Source information START
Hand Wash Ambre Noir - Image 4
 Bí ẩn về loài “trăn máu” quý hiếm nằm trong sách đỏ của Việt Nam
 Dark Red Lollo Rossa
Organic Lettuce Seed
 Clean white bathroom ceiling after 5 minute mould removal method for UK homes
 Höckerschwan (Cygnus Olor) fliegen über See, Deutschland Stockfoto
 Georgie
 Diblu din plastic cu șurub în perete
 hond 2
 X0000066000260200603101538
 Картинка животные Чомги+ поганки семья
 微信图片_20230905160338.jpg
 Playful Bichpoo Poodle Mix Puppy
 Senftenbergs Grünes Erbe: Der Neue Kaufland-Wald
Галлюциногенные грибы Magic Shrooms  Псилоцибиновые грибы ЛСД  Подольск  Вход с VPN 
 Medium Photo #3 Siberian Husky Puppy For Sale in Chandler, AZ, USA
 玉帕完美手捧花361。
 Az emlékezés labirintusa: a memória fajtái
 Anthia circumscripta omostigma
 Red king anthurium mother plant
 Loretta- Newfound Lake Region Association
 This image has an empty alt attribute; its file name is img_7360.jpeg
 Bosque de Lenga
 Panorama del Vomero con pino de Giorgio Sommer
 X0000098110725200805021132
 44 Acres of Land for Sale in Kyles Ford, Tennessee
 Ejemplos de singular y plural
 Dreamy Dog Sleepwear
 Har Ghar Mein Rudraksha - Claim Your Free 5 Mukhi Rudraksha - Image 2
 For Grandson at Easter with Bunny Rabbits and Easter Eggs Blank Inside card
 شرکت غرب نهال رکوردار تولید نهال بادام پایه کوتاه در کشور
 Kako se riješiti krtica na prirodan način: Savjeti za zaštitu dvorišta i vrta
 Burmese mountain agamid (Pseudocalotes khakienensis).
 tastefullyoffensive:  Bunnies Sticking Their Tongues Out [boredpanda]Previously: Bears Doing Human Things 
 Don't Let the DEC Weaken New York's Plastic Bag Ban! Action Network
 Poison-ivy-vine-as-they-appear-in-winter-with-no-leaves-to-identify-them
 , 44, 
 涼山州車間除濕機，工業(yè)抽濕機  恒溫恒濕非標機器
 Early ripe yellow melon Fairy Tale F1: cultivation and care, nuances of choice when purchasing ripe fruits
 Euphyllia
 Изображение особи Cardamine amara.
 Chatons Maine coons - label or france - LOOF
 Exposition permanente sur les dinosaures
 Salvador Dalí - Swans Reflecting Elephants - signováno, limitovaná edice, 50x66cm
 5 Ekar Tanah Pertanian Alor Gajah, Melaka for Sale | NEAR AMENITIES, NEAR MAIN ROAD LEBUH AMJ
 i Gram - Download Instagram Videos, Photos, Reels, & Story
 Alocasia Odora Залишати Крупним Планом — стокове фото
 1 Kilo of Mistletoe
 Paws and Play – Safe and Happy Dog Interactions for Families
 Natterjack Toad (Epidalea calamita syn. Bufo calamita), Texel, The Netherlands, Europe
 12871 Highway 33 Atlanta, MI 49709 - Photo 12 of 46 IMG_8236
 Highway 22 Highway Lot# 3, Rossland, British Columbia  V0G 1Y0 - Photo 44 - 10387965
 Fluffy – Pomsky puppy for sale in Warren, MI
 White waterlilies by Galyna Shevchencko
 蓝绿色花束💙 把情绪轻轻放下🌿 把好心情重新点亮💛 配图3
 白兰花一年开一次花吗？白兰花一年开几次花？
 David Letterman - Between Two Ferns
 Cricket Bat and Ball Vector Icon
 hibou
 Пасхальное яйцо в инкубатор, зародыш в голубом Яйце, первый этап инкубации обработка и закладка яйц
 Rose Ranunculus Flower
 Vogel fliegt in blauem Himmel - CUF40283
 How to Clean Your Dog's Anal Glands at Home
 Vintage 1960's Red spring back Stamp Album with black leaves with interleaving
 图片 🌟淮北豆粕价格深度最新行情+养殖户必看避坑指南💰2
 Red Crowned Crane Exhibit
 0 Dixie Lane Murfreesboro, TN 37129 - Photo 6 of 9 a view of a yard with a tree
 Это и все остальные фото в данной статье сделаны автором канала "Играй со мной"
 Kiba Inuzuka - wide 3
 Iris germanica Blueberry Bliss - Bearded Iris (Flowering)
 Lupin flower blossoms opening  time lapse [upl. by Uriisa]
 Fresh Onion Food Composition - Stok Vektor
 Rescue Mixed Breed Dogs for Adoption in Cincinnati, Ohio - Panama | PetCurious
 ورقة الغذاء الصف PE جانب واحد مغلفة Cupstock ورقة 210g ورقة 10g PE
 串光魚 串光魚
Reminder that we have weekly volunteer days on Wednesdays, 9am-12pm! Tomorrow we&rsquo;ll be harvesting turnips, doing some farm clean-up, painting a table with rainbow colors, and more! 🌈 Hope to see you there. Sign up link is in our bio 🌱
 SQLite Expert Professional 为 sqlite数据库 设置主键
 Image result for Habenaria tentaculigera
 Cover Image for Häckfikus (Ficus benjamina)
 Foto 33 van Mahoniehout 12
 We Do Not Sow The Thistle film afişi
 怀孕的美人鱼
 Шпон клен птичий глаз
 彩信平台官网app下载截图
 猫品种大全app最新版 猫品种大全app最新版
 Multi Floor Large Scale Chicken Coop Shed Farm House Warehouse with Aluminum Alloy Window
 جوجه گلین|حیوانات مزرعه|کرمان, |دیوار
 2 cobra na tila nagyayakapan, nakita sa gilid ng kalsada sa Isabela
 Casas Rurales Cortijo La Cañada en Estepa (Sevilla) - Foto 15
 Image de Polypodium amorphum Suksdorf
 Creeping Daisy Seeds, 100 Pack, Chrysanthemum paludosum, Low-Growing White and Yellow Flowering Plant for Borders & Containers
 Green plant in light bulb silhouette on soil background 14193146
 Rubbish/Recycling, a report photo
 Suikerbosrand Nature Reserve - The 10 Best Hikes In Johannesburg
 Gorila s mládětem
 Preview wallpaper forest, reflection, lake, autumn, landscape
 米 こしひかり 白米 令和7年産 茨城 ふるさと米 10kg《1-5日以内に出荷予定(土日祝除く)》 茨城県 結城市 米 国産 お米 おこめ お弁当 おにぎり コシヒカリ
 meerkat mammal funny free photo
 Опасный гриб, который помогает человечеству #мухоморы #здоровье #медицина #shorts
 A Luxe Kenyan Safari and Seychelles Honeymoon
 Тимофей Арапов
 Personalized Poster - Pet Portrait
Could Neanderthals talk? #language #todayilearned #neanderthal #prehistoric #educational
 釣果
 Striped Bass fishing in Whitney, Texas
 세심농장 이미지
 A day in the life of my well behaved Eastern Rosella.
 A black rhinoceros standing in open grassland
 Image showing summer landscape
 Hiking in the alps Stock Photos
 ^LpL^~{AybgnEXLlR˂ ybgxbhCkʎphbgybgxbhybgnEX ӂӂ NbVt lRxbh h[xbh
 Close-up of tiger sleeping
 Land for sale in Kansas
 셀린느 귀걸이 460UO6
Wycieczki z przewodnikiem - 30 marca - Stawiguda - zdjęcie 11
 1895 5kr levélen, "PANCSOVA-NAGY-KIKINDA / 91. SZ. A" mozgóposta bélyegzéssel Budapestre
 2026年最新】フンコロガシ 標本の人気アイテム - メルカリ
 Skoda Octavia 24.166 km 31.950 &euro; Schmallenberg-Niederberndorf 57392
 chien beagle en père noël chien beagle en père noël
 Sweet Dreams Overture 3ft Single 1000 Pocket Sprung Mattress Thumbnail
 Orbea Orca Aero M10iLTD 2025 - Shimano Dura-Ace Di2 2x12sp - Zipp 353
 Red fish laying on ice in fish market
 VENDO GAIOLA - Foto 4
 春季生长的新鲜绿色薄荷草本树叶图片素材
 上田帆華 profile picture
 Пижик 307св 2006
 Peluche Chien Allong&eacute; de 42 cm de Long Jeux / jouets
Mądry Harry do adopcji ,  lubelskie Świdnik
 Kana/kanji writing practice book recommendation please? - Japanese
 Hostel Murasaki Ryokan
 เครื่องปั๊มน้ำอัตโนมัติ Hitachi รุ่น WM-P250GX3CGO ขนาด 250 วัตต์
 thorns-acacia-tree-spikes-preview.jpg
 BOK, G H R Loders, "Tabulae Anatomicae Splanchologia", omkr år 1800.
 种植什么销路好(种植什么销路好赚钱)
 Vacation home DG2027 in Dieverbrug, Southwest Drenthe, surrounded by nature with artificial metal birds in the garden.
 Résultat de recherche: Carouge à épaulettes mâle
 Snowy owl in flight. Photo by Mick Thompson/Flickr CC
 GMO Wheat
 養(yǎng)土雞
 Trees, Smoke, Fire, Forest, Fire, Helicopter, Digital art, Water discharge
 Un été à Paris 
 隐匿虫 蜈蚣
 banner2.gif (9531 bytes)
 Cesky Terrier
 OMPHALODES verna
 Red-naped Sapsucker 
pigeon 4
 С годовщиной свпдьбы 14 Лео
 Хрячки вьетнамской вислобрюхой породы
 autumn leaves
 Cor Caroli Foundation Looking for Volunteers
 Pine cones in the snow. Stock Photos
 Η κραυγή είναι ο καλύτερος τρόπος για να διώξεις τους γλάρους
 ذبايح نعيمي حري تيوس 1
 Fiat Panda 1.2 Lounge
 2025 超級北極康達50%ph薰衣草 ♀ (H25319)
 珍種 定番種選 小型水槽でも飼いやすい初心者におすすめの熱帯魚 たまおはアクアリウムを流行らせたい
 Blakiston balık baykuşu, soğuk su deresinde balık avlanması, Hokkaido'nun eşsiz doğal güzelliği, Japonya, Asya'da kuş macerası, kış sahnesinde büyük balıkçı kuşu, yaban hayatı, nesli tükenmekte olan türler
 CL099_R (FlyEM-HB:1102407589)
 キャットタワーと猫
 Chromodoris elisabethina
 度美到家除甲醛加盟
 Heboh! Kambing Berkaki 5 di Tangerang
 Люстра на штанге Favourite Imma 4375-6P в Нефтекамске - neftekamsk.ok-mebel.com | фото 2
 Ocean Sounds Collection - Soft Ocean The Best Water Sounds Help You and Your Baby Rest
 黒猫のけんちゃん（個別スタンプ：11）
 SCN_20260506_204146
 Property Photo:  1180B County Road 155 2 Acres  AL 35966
Source information END
Please write out exactly the lines from the start of the data through the line that contains "Playful Bichpoo Poodle Mix Puppy", both ends included, and nothing else.

:: Result of this exercise ::
Hand Wash Ambre Noir - Image 4
 Bí ẩn về loài “trăn máu” quý hiếm nằm trong sách đỏ của Việt Nam
 Dark Red Lollo Rossa
Organic Lettuce Seed
 Clean white bathroom ceiling after 5 minute mould removal method for UK homes
 Höckerschwan (Cygnus Olor) fliegen über See, Deutschland Stockfoto
 Georgie
 Diblu din plastic cu șurub în perete
 hond 2
 X0000066000260200603101538
 Картинка животные Чомги+ поганки семья
 微信图片_20230905160338.jpg
 Playful Bichpoo Poodle Mix Puppy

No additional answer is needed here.